### WORK ITEM:
Restate the lines word for word, from the first line of the records through the line containing "a tall black". Leave out the pictures and anything after that line.
*** Block opens ***
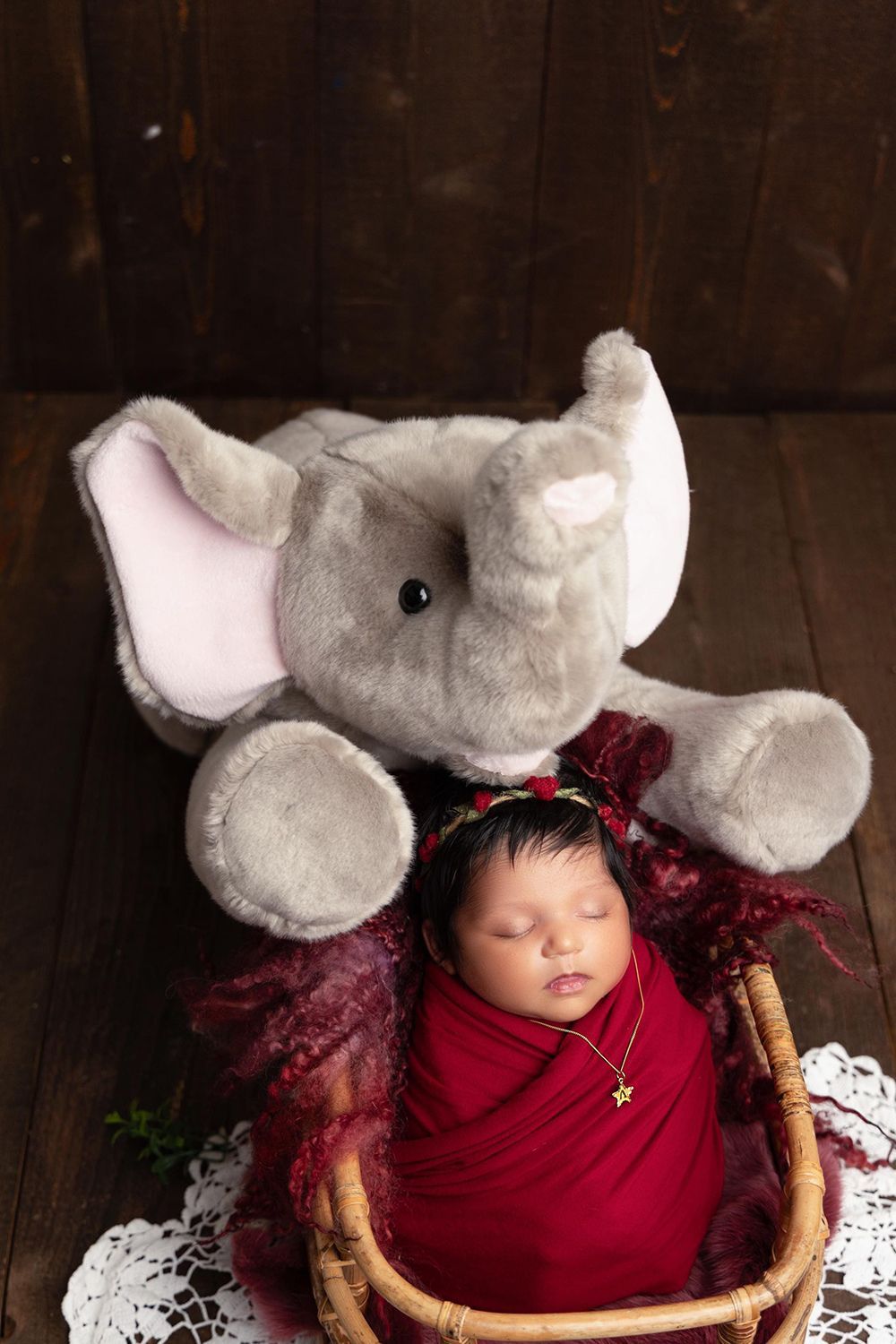 A newborn baby is sleeping in a basket next to a stuffed elephant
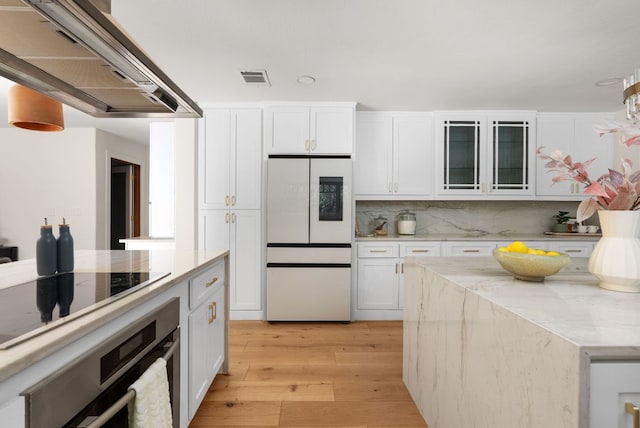 kitchen featuring glass insert cabinets, fridge, island exhaust hood, and white cabinetry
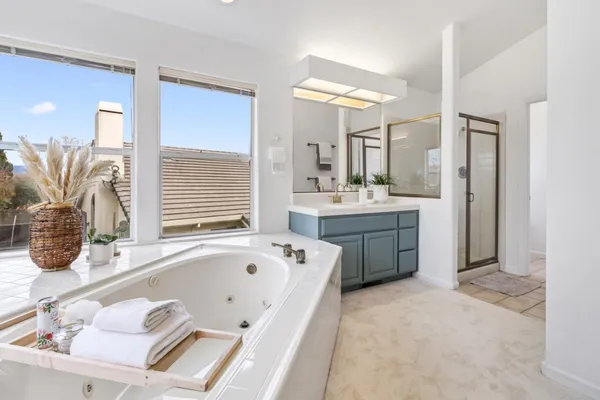 a spacious bathroom with a tub sink and mirror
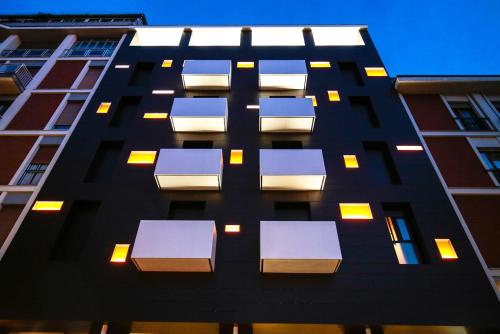 a tall black building with blue and white windows at Hotel Aleramo in Asti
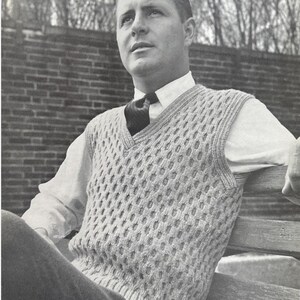 Peut inclure: Un gilet en tricot gris clair à mailles ajourées, avec un col en V, porté sur une chemise blanche à col et une cravate sombre. Le gilet présente un motif texturé. L'image est en noir et blanc.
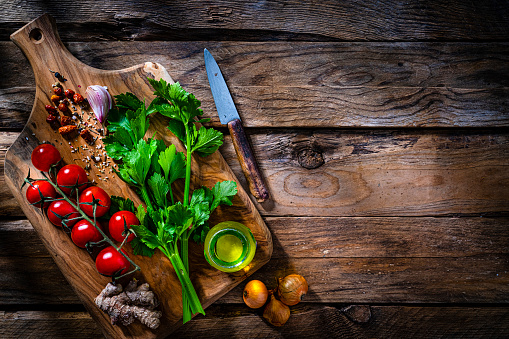 Cutting board with fresh vegetables and spices ingredients shot from above on rustic wooden table. The composition includes onion, ginger, peppercorns, tomato, garlic, celery and extra virgin olive oil bottle. The composition is at the left of an horizontal frame leaving useful copy space for text and/or logo at the right.
High resolution 42Mp studio digital capture taken with SONY A7rII and Zeiss Batis 40mm F2.0 CF lens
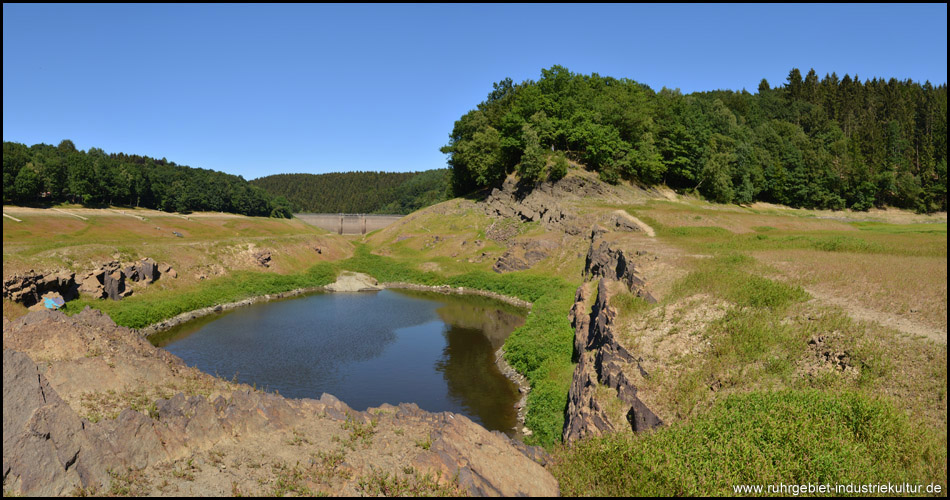 Restsee inmitten der Felsen, hinten ist die Staumauer zu sehen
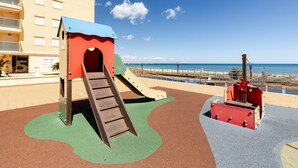 A playground with a slide and climbing structure, a beach view, and a building in the background.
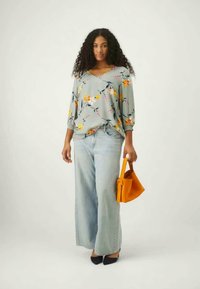 Γκρίζο τοπ με λουλουδάτο σχέδιο και τρία τέταρτα μανίκια, συνδυασμένο με ανοιχτό μπλε παντελόνι σε φαρδιά γραμμή και φωτεινή πορτοκαλί τσάντα. Μαύρες γόβες ολοκληρώνουν την εμφάνιση.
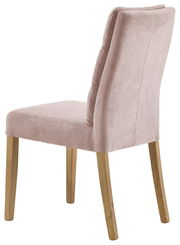 Rückansicht eines eleganten Stuhls mit rosa Polsterung und Holzbeinen, Modell Cantus Stuhl NAOMI.
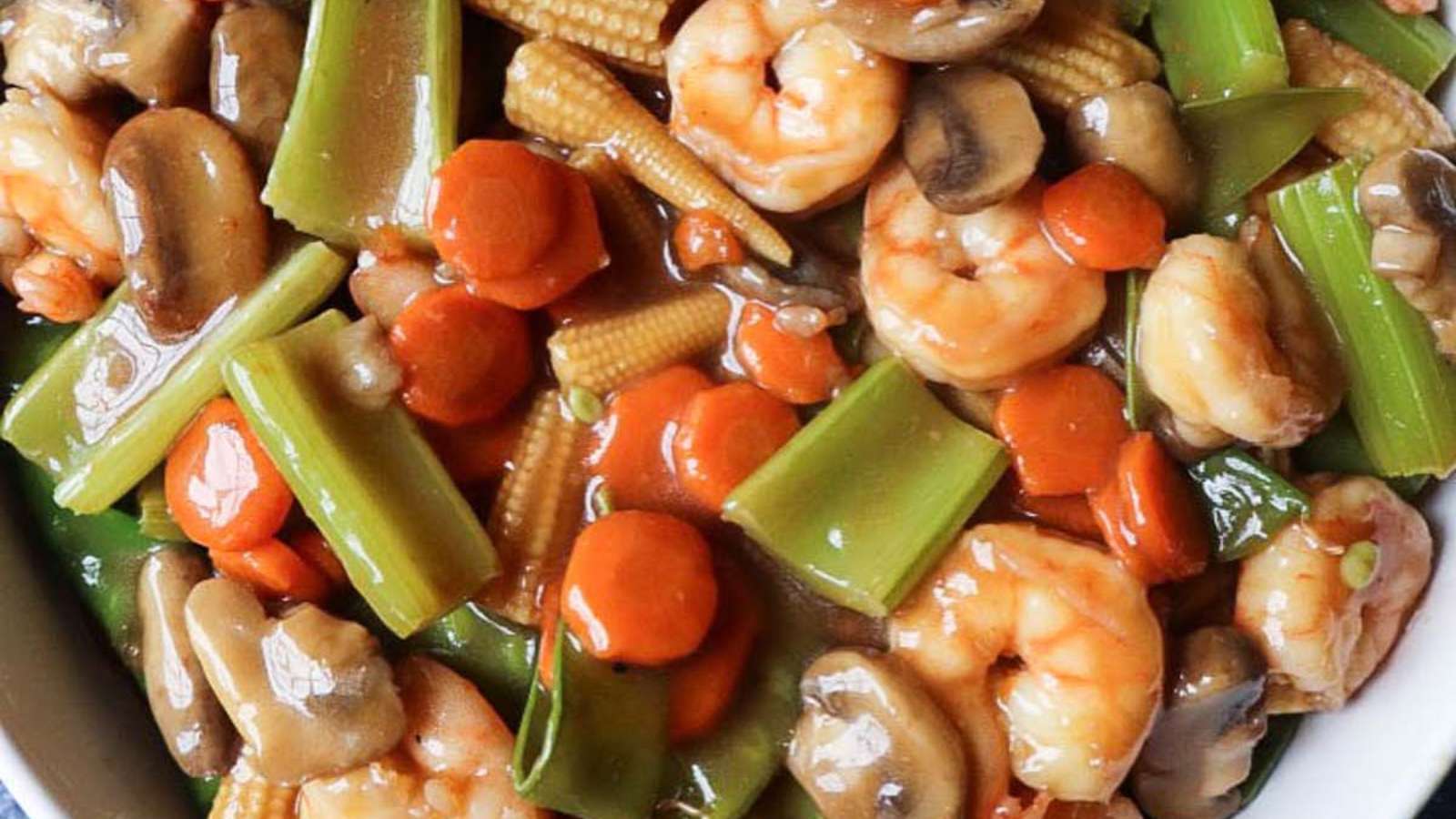 A bowl of stir fried vegetables with shrimp and mushrooms.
*** Block closes ***
### WRITTEN RESPONSE:
 A newborn baby is sleeping in a basket next to a stuffed elephant
 kitchen featuring glass insert cabinets, fridge, island exhaust hood, and white cabinetry
 a spacious bathroom with a tub sink and mirror
 a tall black building with blue and white windows at Hotel Aleramo in Asti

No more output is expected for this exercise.